Health care, higher education, and the costs of raising children are some of the most pressing concerns of middle-class families, but the case for conservative reforms in these areas applies in others that also matter to many such families. This suggests the possibility of a broad conservative agenda that would lift burdens off the shoulders of parents and workers, strengthen the market economy while making its benefits accessible to more Americans, and better enable the poor to rise.
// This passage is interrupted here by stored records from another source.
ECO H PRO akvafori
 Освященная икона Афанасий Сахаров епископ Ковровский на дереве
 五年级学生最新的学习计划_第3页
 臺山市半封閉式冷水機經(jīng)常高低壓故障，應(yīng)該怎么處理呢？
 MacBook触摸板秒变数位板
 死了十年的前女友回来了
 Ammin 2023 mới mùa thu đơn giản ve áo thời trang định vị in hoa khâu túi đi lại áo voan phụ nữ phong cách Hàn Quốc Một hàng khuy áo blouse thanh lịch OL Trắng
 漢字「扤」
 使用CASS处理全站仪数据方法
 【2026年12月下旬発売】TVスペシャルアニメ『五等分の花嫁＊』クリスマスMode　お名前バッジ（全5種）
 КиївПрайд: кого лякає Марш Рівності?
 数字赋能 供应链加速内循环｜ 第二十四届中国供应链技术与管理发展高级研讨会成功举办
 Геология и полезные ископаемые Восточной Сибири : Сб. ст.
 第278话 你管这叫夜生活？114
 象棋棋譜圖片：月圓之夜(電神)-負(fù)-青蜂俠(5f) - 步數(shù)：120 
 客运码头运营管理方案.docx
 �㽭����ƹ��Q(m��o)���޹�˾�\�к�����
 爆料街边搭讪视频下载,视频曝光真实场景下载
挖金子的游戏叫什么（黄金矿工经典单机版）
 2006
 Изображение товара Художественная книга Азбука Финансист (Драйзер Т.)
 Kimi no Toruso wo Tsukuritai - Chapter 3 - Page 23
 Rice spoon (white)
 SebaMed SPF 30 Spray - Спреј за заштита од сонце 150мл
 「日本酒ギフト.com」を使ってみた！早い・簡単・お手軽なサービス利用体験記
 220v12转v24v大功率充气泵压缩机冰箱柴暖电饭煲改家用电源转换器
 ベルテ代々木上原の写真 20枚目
That agenda would include more than policies to reduce the cost of living for working families; such policies would be part of a broader growth agenda consisting of sensible tax, regulatory, monetary, and infrastructure reforms. Conservatives have increasingly proposed such a growth agenda in recent years, but if they stop with those broader and more familiar economic goals — or, worse, stop short of them — they run a dangerous risk. The reach and the character of economic growth do matter. We don’t, for example, want to repeat the performance of the Bush years, when economic growth coincided with stagnant wages for most people because the rising cost of health care ate up raises. To stand a chance of being enacted, the agenda conservatives offer must speak directly to the needs and wishes of middle-class voters.

Such an agenda, one of broad-based prosperity, might meaningfully lower inequality, or it might not. It would, however, undermine the damaging perception that the Republican party is interested in helping only the rich and big business. It would move the economic and political center of gravity of American life markedly to the right. And it would be in keeping with the actual state of public opinion. The case for economic growth, opportunity, mobility, family, and reform of our governing institutions would almost certainly be far more appealing to voters than a case for just narrowing gaps. If everyone is rising swiftly, it matters less who rises fastest of all.

In advancing their economic agenda, the Democrats have a tendency to emphasize a theme — income inequality — that unites their activists but does not speak powerfully to voters. Some of the policies they pursue under that banner, such as increasing the minimum wage, may be reasonably popular (even if they hardly seem like solutions adequate to “the defining challenge of our time”). Republicans may pay a price for opposing them. But that price will be mitigated by the fact that while voters might think a higher minimum wage is fair, they do not think that it represents a sturdy basis for economic progress or that they themselves would benefit from it. It is a price Republicans can afford to pay so long as they offer voters their own understanding of what today’s economic challenge really is and how it might be addressed.

That challenge is not that some have grown too rich too quickly in our country but that the American dream may be falling out of reach for too many Americans. The Democrats’ intellectual exhaustion offers Republicans a chance to reconceive their public arguments and their policy agenda by applying conservative principles to the problems that face working families. If they are up to that challenge, they may become America’s governing party again.

—​ Ramesh Ponnuru is a senior editor of National Review and Yuval Levin is editor of National Affairs. This article was adapted from one that appeared in the February 10, 2014, issue of NR.